### Task to complete
From the first line of the listing below through the line with "lot 65 image: 2 ADJUSTABLE BUILDING COLUMNS", transcribe exactly and skip the pictures.

---------- Recorded data ----------

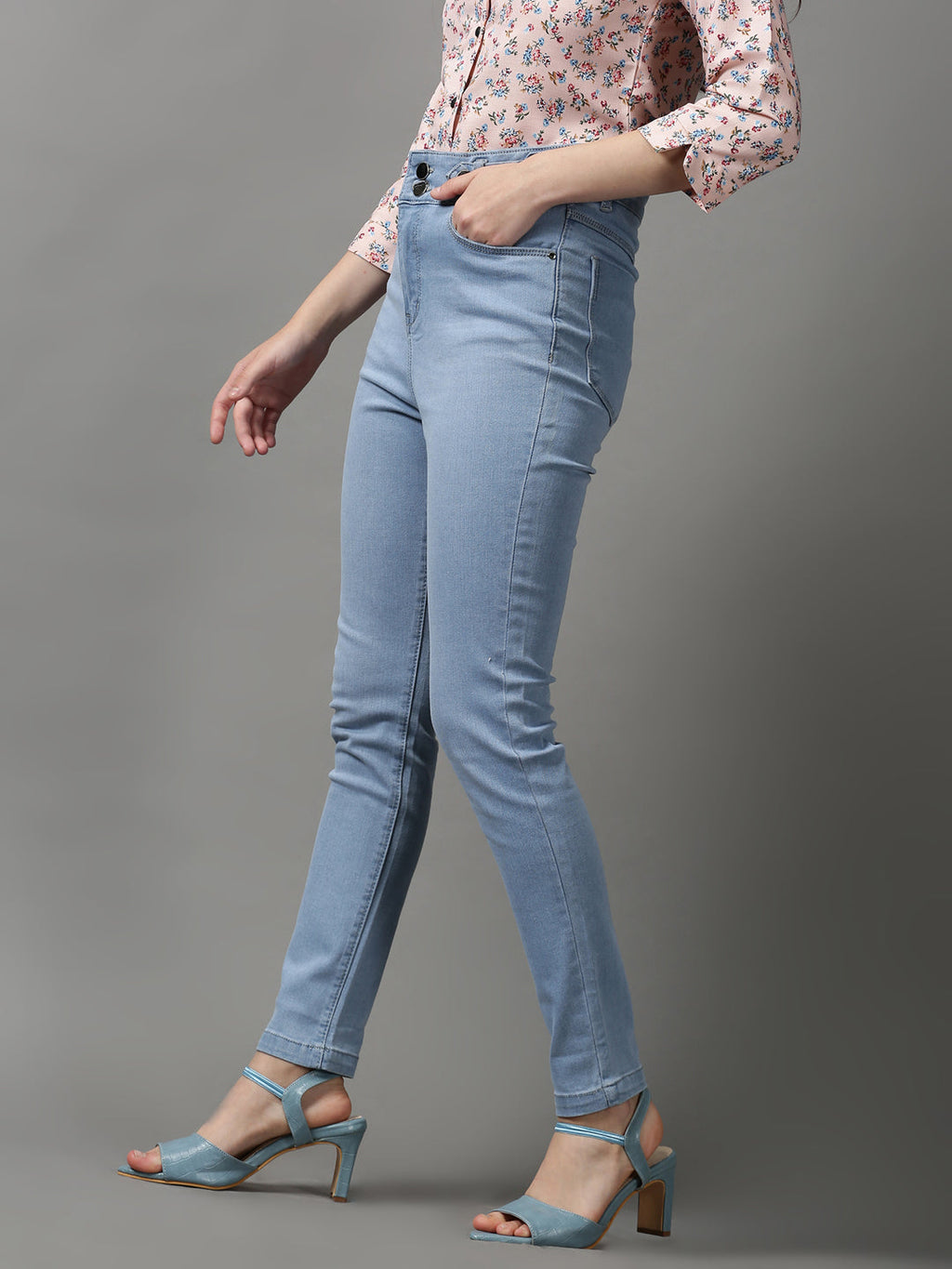Women's Blue Skinny Fit Light Fade Stretchable Denim Jeans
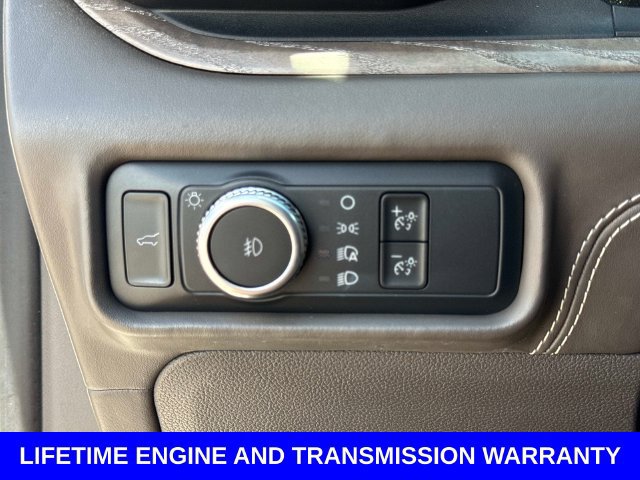 Used 2022 Ford Explorer Platinum w/ Equipment Group 601A AWD/4WD image 33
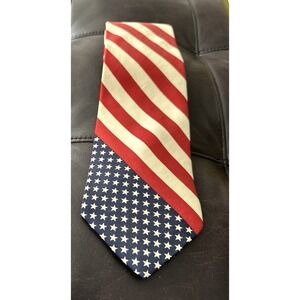 Tommy Hilfiger Men‎ American Flag Stars Stripes Italian Silk Tie Made In USA 57"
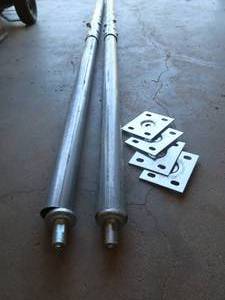lot 65 image: 2 ADJUSTABLE BUILDING COLUMNS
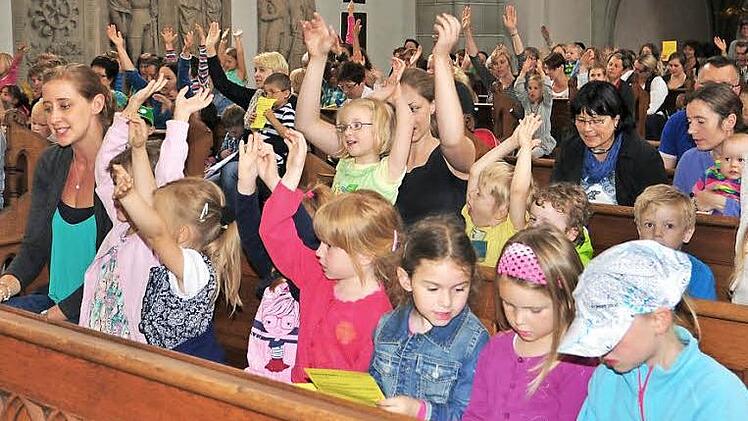 Fröhlich war die Andacht, die die Kinder und ihre Mütter und Väter bei der ersten Kindergarten-Sternwallfahrt in der Ritterkapelle in Haßfurt feierten.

----------

### Output for this exercise
Women's Blue Skinny Fit Light Fade Stretchable Denim Jeans
 Used 2022 Ford Explorer Platinum w/ Equipment Group 601A AWD/4WD image 33
 Tommy Hilfiger Men‎ American Flag Stars Stripes Italian Silk Tie Made In USA 57"
lot 65 image: 2 ADJUSTABLE BUILDING COLUMNS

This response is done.